Dezoito passageiros da falida Air Comet entraram em greve de fome, junto ao balcão da companhia. Dizem que não vão desistir, enquanto não lhes deram uma solução. São imigrantes e querem voar, para os seus países.

A solução pode estar na oferta da companhia nacional. A Ibéria diz que está disposta a transportar, no próximos dias, 90 por cento dos passageiros que ficaram em terra.

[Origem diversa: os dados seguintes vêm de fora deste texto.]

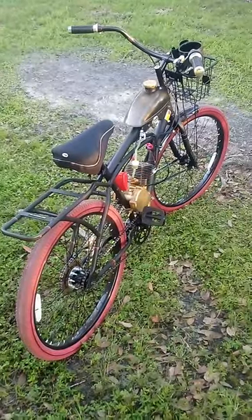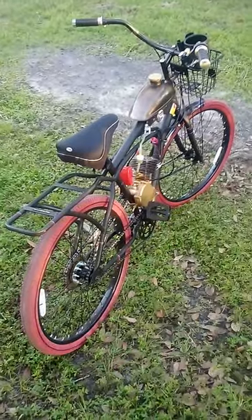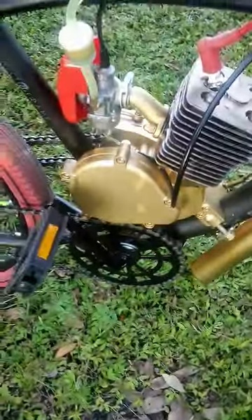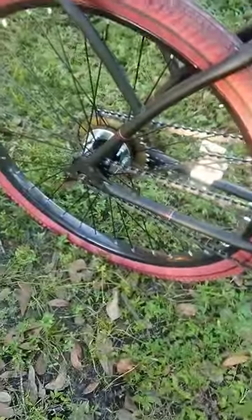This is a 100cc two-stroke bicycle engine kit I put on a beach cruiser. The beach cruiser cost $228, and that 100cc big boy motor with the small sprocket for extra speed cost $120, so altogether around $350.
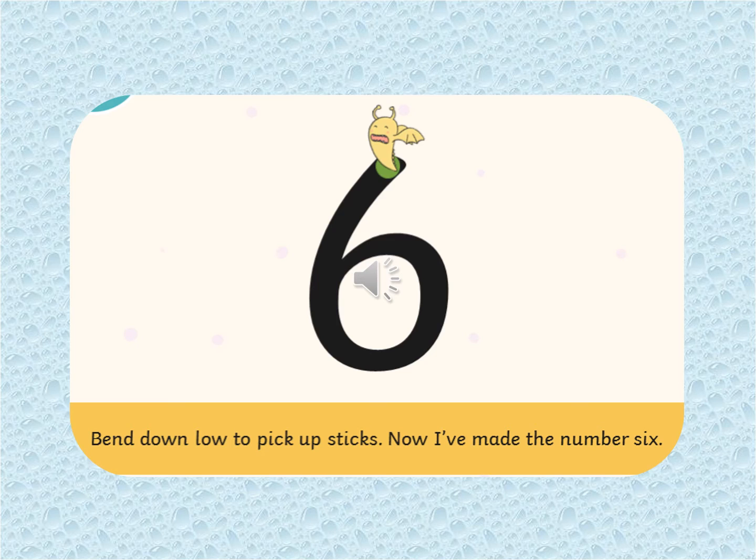What's this next number? That's right, it's number six. We start where the monster is and then we bend down low to pick up sticks. Now I've made the number six.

O Governo diz que são menos de 7000. Mas a Associação Catalã das Agências de Viagens diz que sáo 70 mil. Números muitos distantes.

O desespero está patente, nas declarações dos passageiros: “Não é justo o que se está a passar. Não nos dão nenhuma informação, ninguém nos diz nada. Pagámos os nossos bilhetes e continuamos à espera, sem qualquer informação”.

Outra passageira admite extremar a sua posição: “Eu não saio daqui, enquanto não houver um voo. Se for preciso, entro em greve de fome, até que me arrangem um voo”.

A crise tem reflexos também na outra margem do Atlântico – mais de 180 passageiros, espanhóis, italianos e alemães estão retidos no Aeroporto de Lima, a capital do Perú.

Também eles compraram bilhetes da Air Comet.